Hey I accept it’s a limitation I have, and I’m glad folks enjoy it! But I couldn’t figure out why folks share it on Lemmy[1] and get so into it when I saw nothing there.

Thanks :)

[1]: open-source & Rust-y reddit alternative; no affiliation

Terr_•1h ago
> Oh wow. That’s why I’ve not been able to appreciate SCP writings?

I feel like there's a pattern (genre?) there that's been niche-popular for for 15-20 years now, which includes TV shows like Lost or Heroes or The Lost Room. It's some variation of magical-realism, for an audience that always wants more and more surprise or twists or weird juxtapositions of normal and abnormal, room for crafting and trading fan-theories and predictions.

But eventually, it gets harder to keep up the balancing-act, and nobody's figured out how to end that kind of story in a way that satisfies, so the final twist is the lack of resolution.

xmprt•2h ago
I think this is the big roadblock that I don't see the current AI models/architectures getting past. Normally, intelligence gets smarter over time as it learns from its mistakes.
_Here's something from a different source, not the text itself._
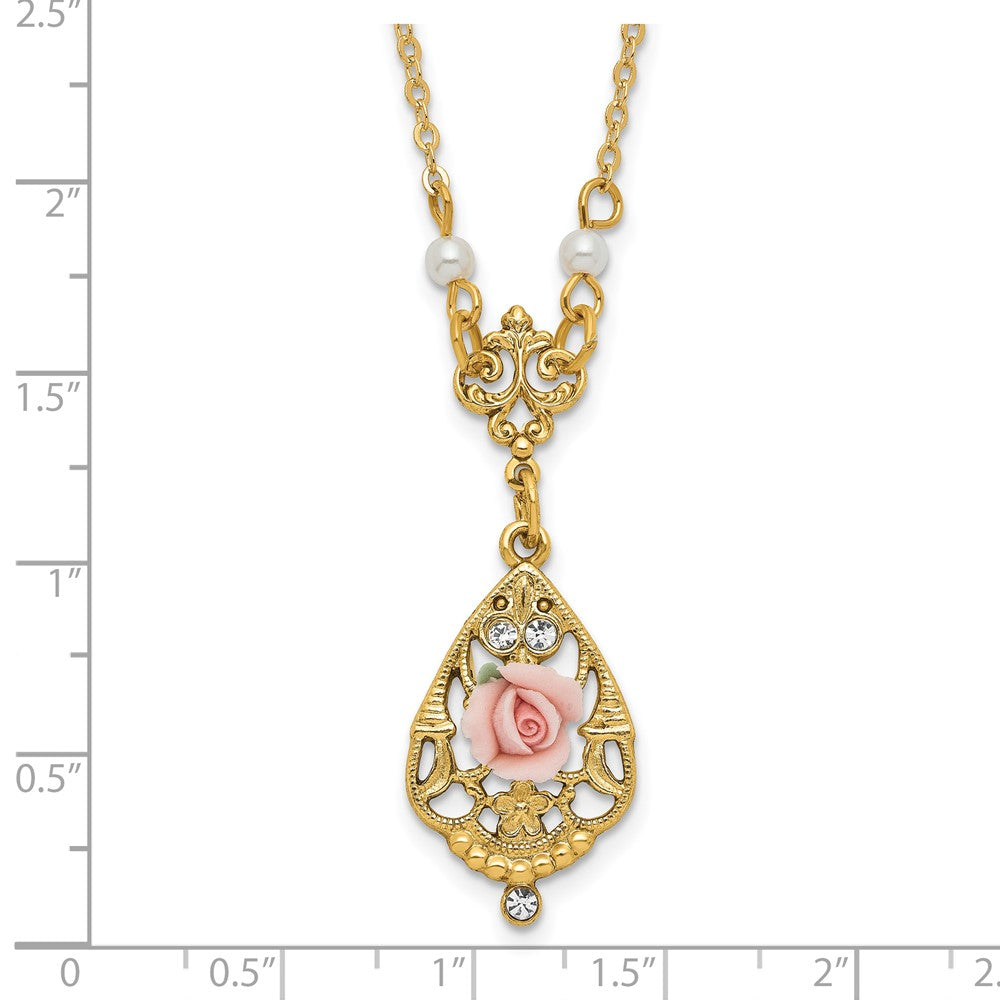 1928 Jewelry Gold-tone Imitation Pearl Pink Porcelain Rose and Clear Crystal Filigree Teardrop 17 inch Necklace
However most AI models come in with tons of knowledge but start to decompose after a while which makes them extremely unreliable on complex tasks. The hardest part of using them is that you don't know when they'll break down so they might work perfectly up till a point and then fail spectacularly immediately past that.
getnormality•20m ago
We fantasize about executable human brain images, but after many years of toil by our best and brightest, we still can't simulate the 302 neurons of our favorite lab worm. https://open.substack.com/pub/ccli/p/the-biggest-mystery-in-...
esafak•2h ago
Proving diversity of thought is a good thing. A controversial observation in 2025's USA ;)

A counterpoint to this is Sourcegraph's Amp, which is all in on Anthropic because they "believe that building deeply into the model’s capabilities yields the best product, vs. building for the lowest common denominator across many models." https://ampcode.com/fif#model-selector

When I embark on a project, I usually ask Gemini to architect and implement the first pass, then iterate with Claude.

joshuamoyers•2h ago
two good points there are very intuitive - a fresh perspective yields better results and once you are stuck (e.g. 80 iterations) its better to just start fresh. i've seen the same thing anecdotally in coding sessions where context needs to be compacted multiple times. its usually just better to start a fresh conversation and re-seed the basics in the conversation.
recipe19•2h ago
Wasn't the "mixture of experts" a big thing in late 2023? The idea was that a vendor has a number of LLMs fine-tuned for specific tasks, none necessarily better than other, and that they applied heuristics to decide which one to rope in for which queries.
mef•2h ago
this is a different idea
vlovich123•1h ago
> The idea was that a vendor has a number of LLMs fine-tuned for specific tasks, none necessarily better than other, and that they applied heuristics to decide which one to rope in for which queries.

That’s how people keep interpreting it but it’s incorrect. MoE is just a technique to decompose your single giant LLM into smaller models where a random one gets activated for each token. This is great because you need 1/N memory bandwidth to generate a token. Additionally, in the cloud, you split the model parts to different servers to improve utilization and drive down costs.

But the models aren’t actually separated across high level concepts.

zomglings•1h ago
Does anyone else find the use of different shades of green for the graph comparing Gemini 2.5 Pro and Sonnet just a little insane?
mlboss•1h ago
AI coding agents (e.g. Cursor) should offer this as an alternative to Claude Code. Alloyed agents is something that AI wrappers can offer as a counter to Codex/Claude Code/Google Agent.
knowaveragejoe•1h ago
Small nitpick - the axes on the varying alloy proportions graph say "Sonnet 2.5" and "Gemini 4.0"
wiradikusuma•1h ago
How do you decide which agent gets which turn? If random, you could end up with the worst of both right?
kgeist•1h ago
The idea isn't exactly novel, I read about it back in 2023 and implemented it in one of my bots. Back when open-source LLMs were still quite dumb, they'd often get stuck in repetitive loops after a while. Running multiple models interleaved usually got them unstuck.